In 2015/2016 fiscal year, the special allowance of the Deputy Speaker was US$60,000. But it has increased to US$244,057. This is 406.76% increment when a nurse is receiving US$150 per month while an immigration officer gets US$100. The special allowance (US$244,057) of the Deputy Speaker this fiscal year could pay 1627 nurses or 2440 immigration officers per month. It is pathetic that Liberia cannot boast of even 1000 immigration officers. No wonder why our borders remain porous.
The number of allowances in our budget for officials of government is too many. What is the rationale for all these allowances when the people are suffering? Must our nation be responsible to pay meal allowance too? Why are we paying US$10,000 for electricity for the office of the Chief Justice when there is a provision for electricity in the general budget of the Supreme Court, where the Chief Justice office is housed? Why are we paying for uniforms and special cloth along with cleaning materials/services?

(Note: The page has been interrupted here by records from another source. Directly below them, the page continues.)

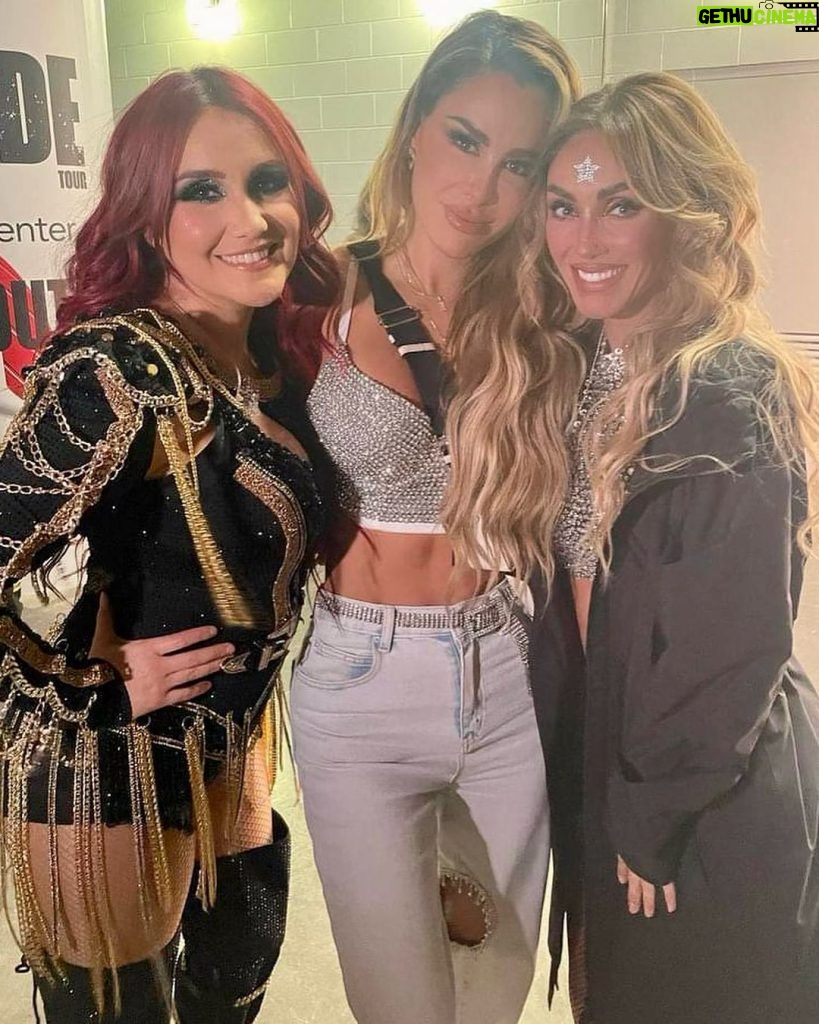 Ninel Conde Instagram - Si soy REBELDE. Mi hija hermosa mi @dulcemaria te amo mi reina sigue triunfando! Ame verte realizada . Las amo mis niñas ❤️ Que les parece estas imágenes? Les recordó esa época dorada de @rbd_musica ? Los leo! . . #rbd #rebelde #soyrebelde #dulcemaria #anahi #mia #miacoluchi #robertapardo #almarey #fy #fye #trend #reels #reelsinstagram #réel Miami, Florida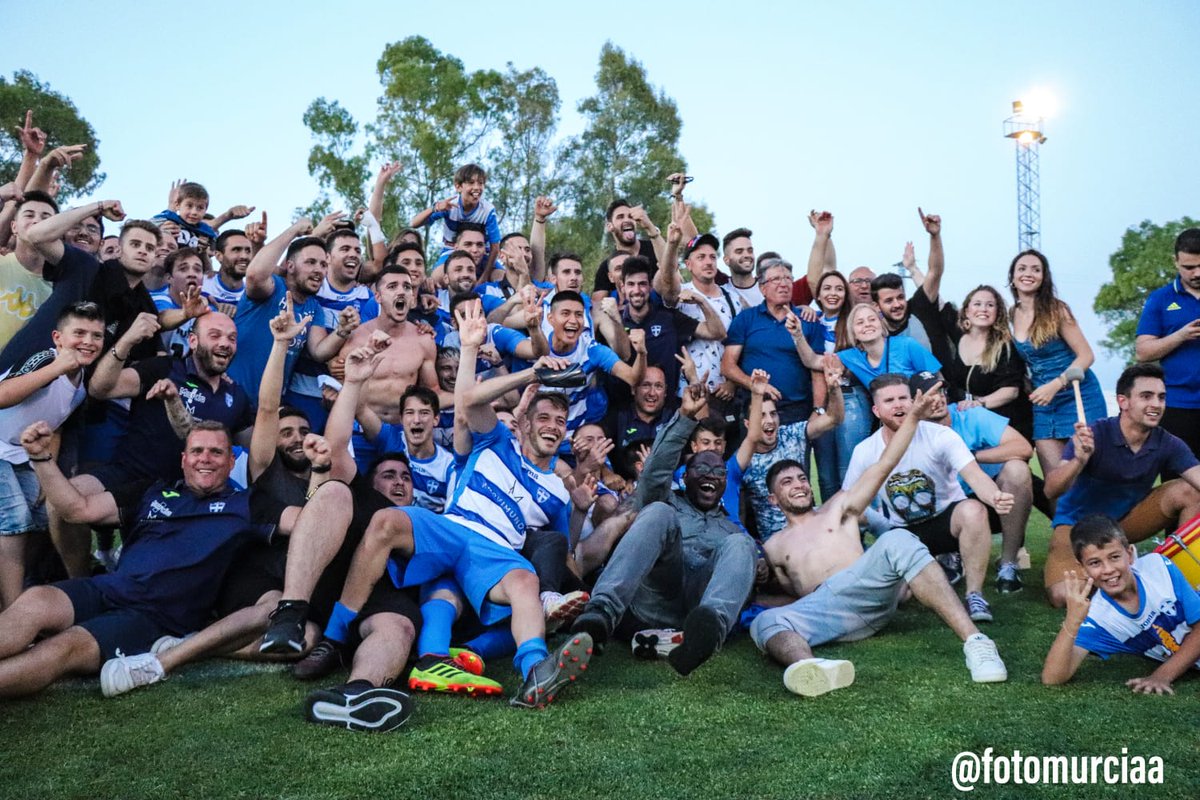 AchoPasala's tweet photo. |ASCENSO A TERCERA|⚽⬆️

El @CDPlusUltra se convierte en nuevo equipo de TERCERA DIVISIÓN tras vencer en la tanda de penaltis al Abarán. Aquí algunas imágenes de la fiesta de los blanquiazules. ¡Enhorabuena!

📷@fotomurciaa https://t.co/RICGQlIVWh
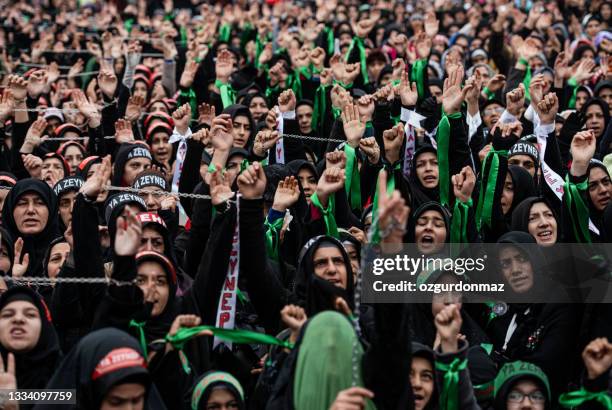 multitud de mujeres musulmanas chiítas llorando durante el recuerdo de muharram (llamado asura) en halkali, estambul - muharram fotografías e imágenes de stock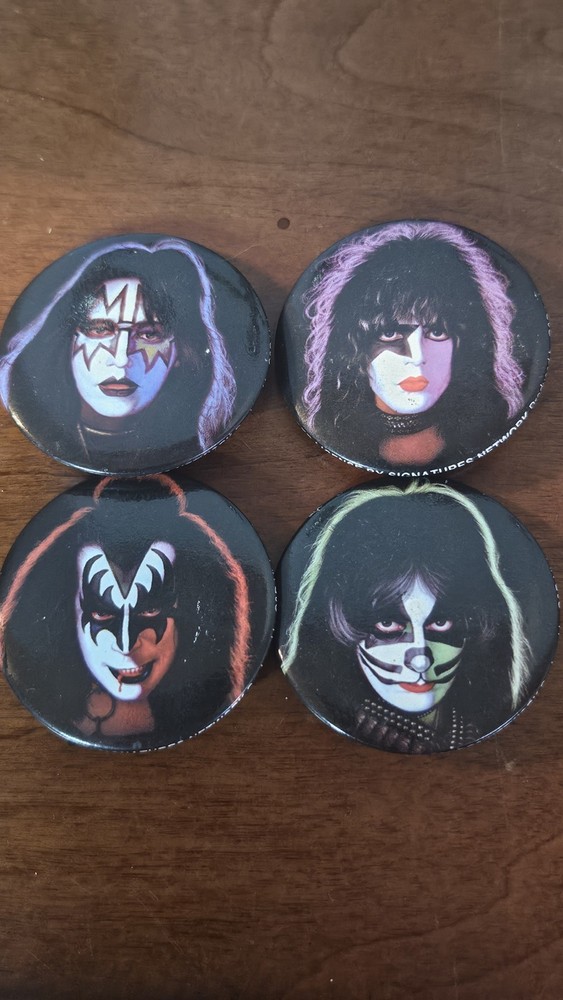 KISS  Button Pin Set Solo Albums Licensed Kiss  Ace Peter Gene Paul 4pc Lot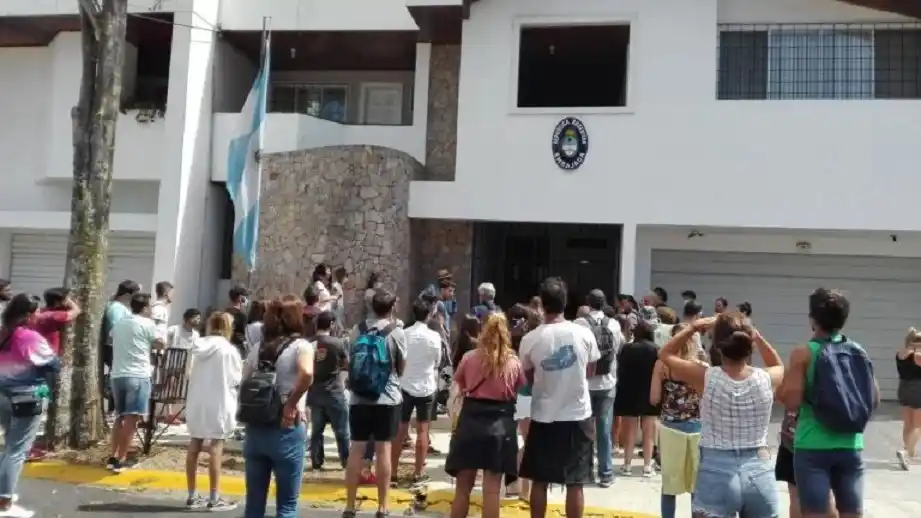 Más de 200 argentinos varados en Costa Rica reclaman por «abandono» del país tras crisis por coronavirus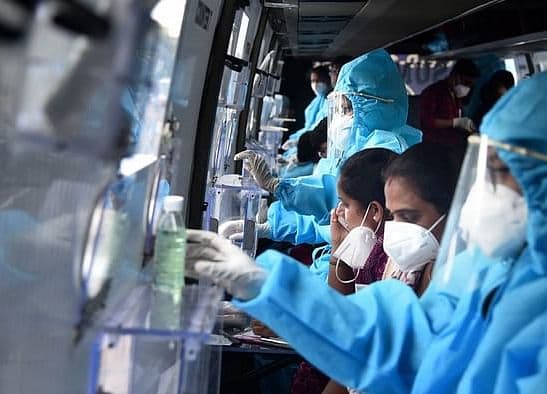 Coronavirus In India: कोरोना संक्रमण के दैनिक मामलों में आयी भारी कमी, 24 घंटे में मिले 55,342 नये संक्रमित Coronavirus In India: कोरोना संक्रमण के दैनिक मामलों में आयी भारी कमी, 24 घंटे में मिले 55,342 नये संक्रमित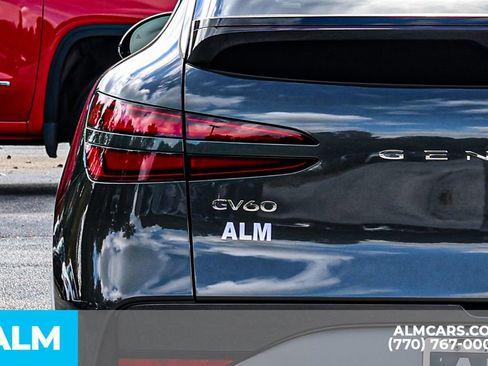 Used 2025 Genesis GV60 Advanced image 13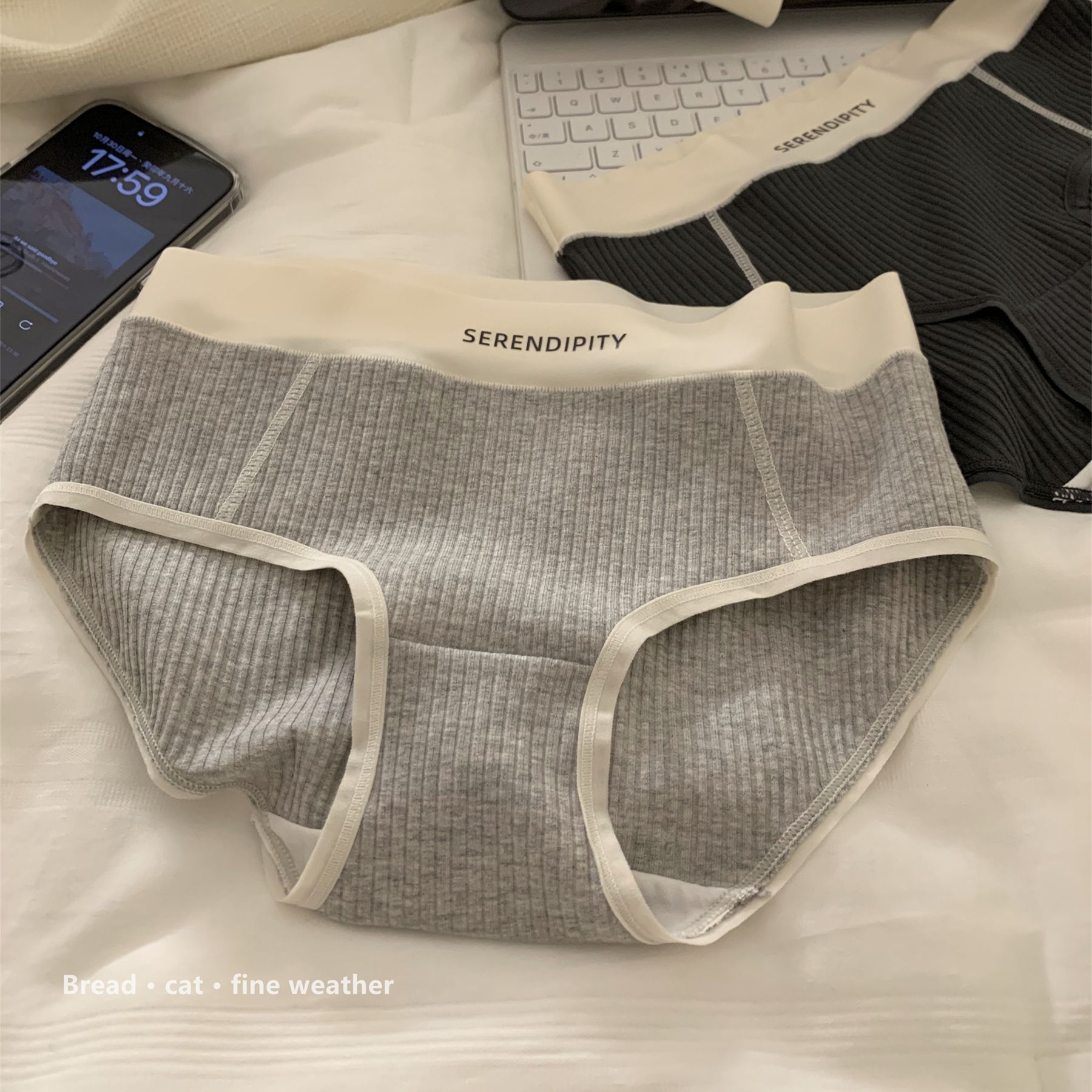 Autumn and winter threaded pure cotton women's underwear with letter edges, comfortable, skin-friendly, breathable mid-waist, antibacterial women's triangle pants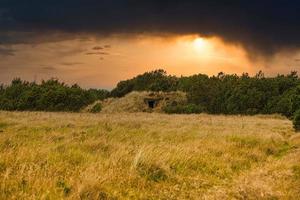 bunker in de duinen van denemarken genomen in zwart-wit. deze bunkers zijn gebouwd foto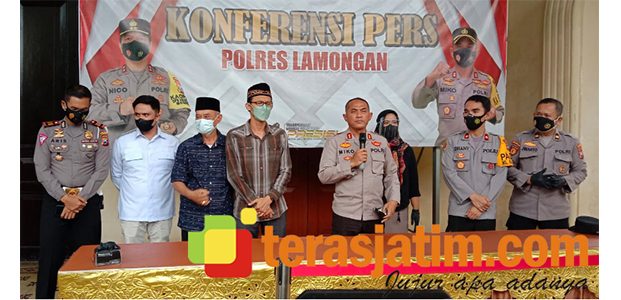 Viral Video Salah Tangkap Terhadap Warga Bojonegoro, Kapolres Lamongan Gelar Konperensi Pers Viral Video Salah Tangkap Terhadap Warga Bojonegoro, Kapolres Lamongan Gelar Konperensi Pers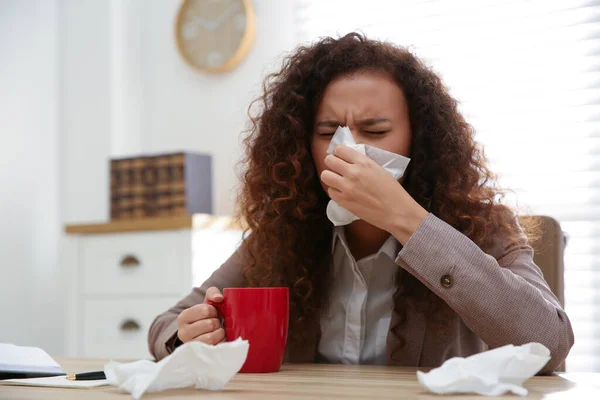 Wanita Afrika Amerika Yang Sakit Tempat Kerja Virus Influenza — Stok Foto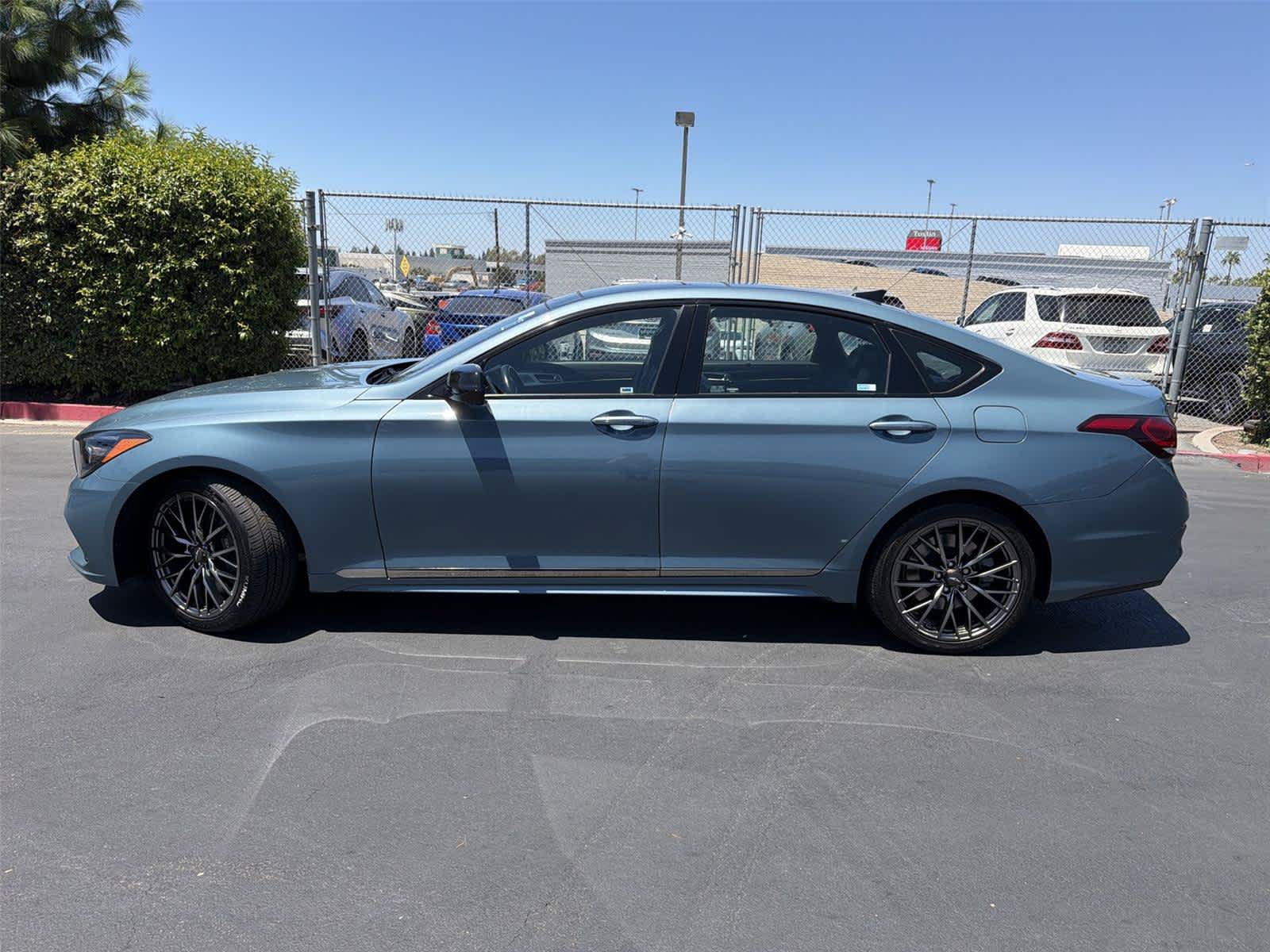 Used 2018 Genesis G80 3.3T Sport RWD image 3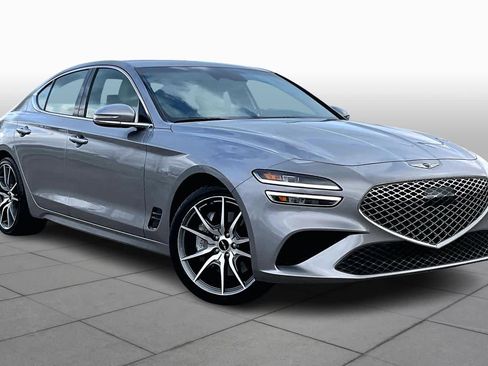 Used 2025 Genesis G70 2.5T image 3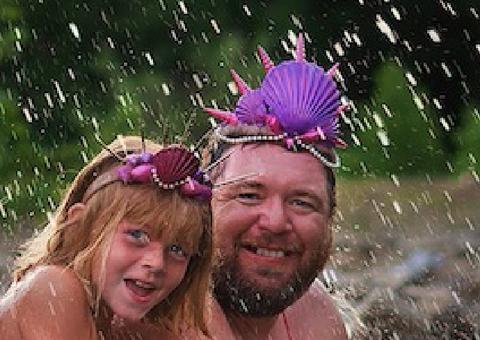 Homem se fantasia de sereia para atender pedido da filha e fotos viralizam 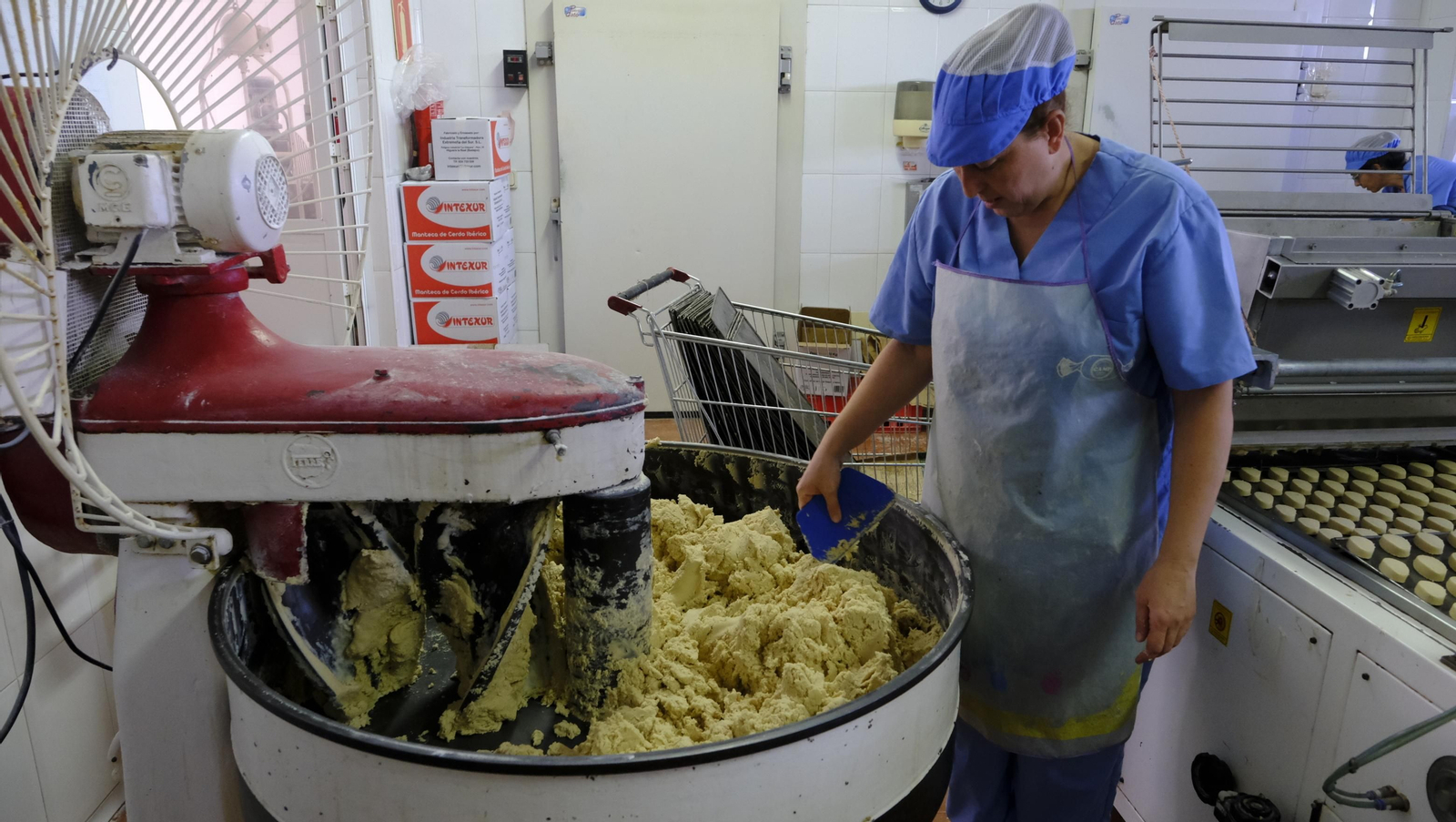Imágenes de los mantecados de Fondón, tradición centenaria navideña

Liberia has a long way to go if we cannot redefine our priorities as a nation. Public service has become a source of attraction in Liberia where people go and get rich easily. Greed is on the move. Patriotism has become a taboo. Accountability is forbidden. Corruption is a national priority. Integrity is outlawed. Poverty is a leading public policy. Such is the case of Africa’s oldest republic and the second black republic in the world.
Recommendations to curb wasteful spending, financial indiscipline and promote public interest:
It is no secret that officials of government in Liberia are becoming millionaires even though 81.86% of Liberians remain poor. It is no secret that Liberians are at war with poverty in the midst of millions and vast mineral resources. Change through appropriate cuts in astronomical salaries and benefits must begin with THE BIG SIX in our government. This cannot be overemphasized! Because we have made public service in Liberia too attractive, almost everyone wants to run for public office.
If we can cut-down some of these huge salaries and benefits of lawmakers, ministers, managing directors, consultants, directors, board members, commissioners, etc., we could bridge the gap of poverty and inequality before 2030. The Agenda for Transformation, Vision 2030, SDGs 2030 and AU Agenda 2063 would remain monumental instruments of failure in Liberia until public interest becomes an indispensable priority. Greed has done more harm than good to our nation.
From the largest slum of West Point and the top of Ducor, I see a NEW LIBERIA rising above the African Continent.